Josh Hawley Introduces Bill to Put Washington In Charge of Internet Speech | WHAT REALLY HAPPENED

Josh Hawley Introduces Bill to Put Washington In Charge of Internet Speech

Sen. Josh Hawley (R–Mo.) is introducing legislation to clamp down on free expression online, under the pretense of fighting tech-company "bias" against Republicans.

Hawley's solution is to amend Section 230 of the Communications Decency Act, a measure that prevents individual users of internet platforms and the companies that run them from being treated as legally indistinguishable from one another. Without it, digital companies and the users of their products (i.e., all of us) could be sued in civil court or subject to state criminal prosecution over content and messages created and published by others.
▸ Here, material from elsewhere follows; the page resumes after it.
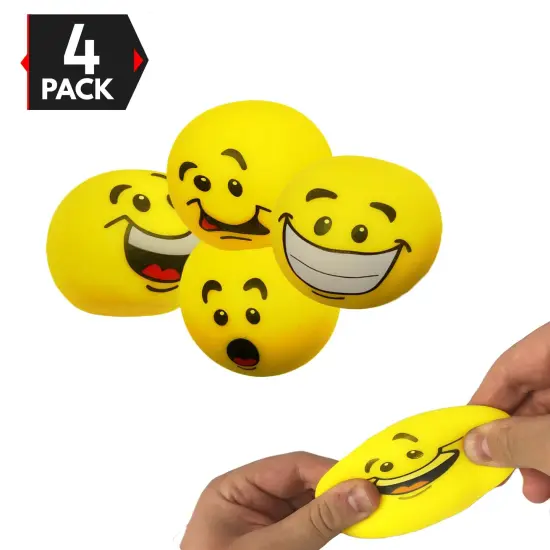 Big Mo's Toys Stress Balls - Emoticon Sensory Stress Reliever Fidget Toy Stretch Ball for ADD / ADHD - 4 Pack {1}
State attorneys general have been howling about Section 230 for more than a decade because it means that only the federal government can criminally prosecute internet intermediaries. Thus, state prosecutors don't have the opportunity to seize assets and bring in big financial settlements themselves.

As attorney general of Missouri, Hawley joined in the tradition of Democratic Sen. Kamala Harris when she was attorney general of California, and the top cops from many other states, in begging Congress to amend Section 230. The first time around, back in 2013, the excuse attorneys general used was "child sex trafficking," falsely insisting that Section 230 stopped knowing perpetrators of this horrific crime from being brought to justice.* (In fact, nothing in Section 230 has ever prevented the Department of Justice from enforcing federal criminal laws, including laws against forced or underage prostitution.)